いくら脅しをかけようとも絶対に屈しようとしない。そんな彼女の姿に痺れを切らしたか、不良は最悪の手段を行使しようとしていた。
「どうやら、ダイカルアの力を身をもって体感してもらうしかないようだな。邪神降臨、ビーストリグレッションベア!」
長身の不良は呪文めいた言葉を言い放つと両腕をクロスさせた。すると、四肢の筋肉が膨張し、犬歯が異様に伸び始めた。全身が茶色の毛に覆われていき、凶悪な三白眼は獣のそれへと変貌していく。
するどい爪を研ぎ澄まし、高々と咆哮をあげる。そこにいたのはもはや人間ではない。熊だ。
「俺の名はベアカルア。どうだ、ダイカルアに入信すればこんな力が手に入るんだぜ。これでもまだ刃向うつもりか」
怪物へと変身した不良に倣い、残りの二人も両手を合わせる。すると、制服の襟が伸び、パーカーのように頭上を覆う。裾も伸び、足元をすっぽりと隠すローブとなった。黒い生地だったはずが脱色されて白くなり、顔があった場所には朧げな光が灯っていた。
「熊の次は幽霊って、あいつら無茶苦茶すぎるよ」
「幽霊なんて大層なもんじゃないバ。あの白いのはバグカルア。ダイカルアの怪物になり損ねた下級信者、いわゆる戦闘員だバ」
名前からしてばい菌カルアだもんな。でも、人間と比べたら圧倒的な力を持っているんでしょ。華怜はおろか、プロレスラーでも対抗でき無さそうだ。
「おい、あれってダイカルアじゃないか」
「やべえ、みんな逃げろ」
ベアカルアの咆哮のせいか、練習中だった剣道部員たちが外に出てくる。そして、怪物を目撃した瞬間、逃走を開始した。
だが、火事場泥棒精神というか野次馬根性というか、もの珍しげに怪物を観察している輩が数人いた。そいつらを横目で見遣ると、ベアカルアは片手を掲げる。
「おあつらえ向きに司教様より授かったこの魔法を試すことができるぜ。異端の下郎よ!我らが教団へ下れ! 強制入信」
爪の先から怪しげな光が迸る。そのまま空を切ると、野次馬の生徒たちは胸を押さえて苦しみだした。
まさか、遠距離攻撃を仕掛けたのか。いや、生徒たちはどこも怪我していない。しかし、肉体的攻撃を受けるよりもえげつない現象に襲われていた。

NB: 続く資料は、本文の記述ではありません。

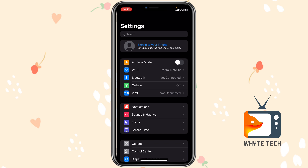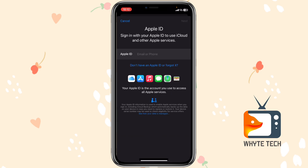Now I have signed out. Go to Settings and click on 'Sign in to your iPhone.' You'll see this page — tap on the first option that says 'Sign In.' It brings you to the Apple ID sign-in page that says 'Sign in with your Apple ID to use iCloud.'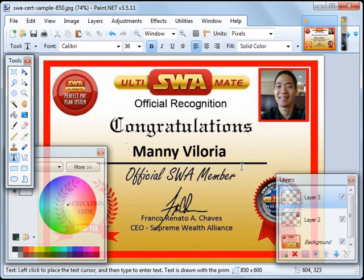So that's it for this tutorial. I'm Manny Viloria saying, Invest in yourself first before others will invest in you. Maraming salamat po at mabuhay tayong lahat.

なんと、不良たちと同じく制服の襟がパーカーへと変化して顔を覆ったのだ。あっという間に白いローブに包まれ、第二、第三のバグカルアが誕生してしまう。
「あんた、部員たちに何をしたの」
「この魔法はダイカルアに立てつく愚か者を強制的にバグカルアに変える。自我を失ったあいつらは本能のままに暴れまわるのさ」
呻いているばかりだが、反射的に拳が下駄箱へとぶち当たる。すると、派手な音を立てて側面がへこんでしまったのだ。握力だけで扉を無理やり破壊するようなものだよね。あんなの人間の握力じゃない。
異様な暴力に加え、怪物に変えられてしまうかもしれないと恐怖。二重苦にさしもの華怜も嫌な汗をかいていた。どうして逃げないんだよ。あんなのに敵うわけないじゃん。
「先に言っておくがお前に強制入信を使うつもりはない。この魔法だとバグカルアしか生み出せないからな。お前は入信すれば確実に上級の信者へとなれる器だ。望みがある者には教えを説けというのが俺たちのモットーだからな。さあ、痛い目に遭いたくなければ入信するのだ」
「だ、誰が入信するものですか」
もはや絶望的な状況にも関わらず、華怜は徹底抗戦を貫くつもりだ。そんな彼女にバグカルアたちの魔の手が迫る。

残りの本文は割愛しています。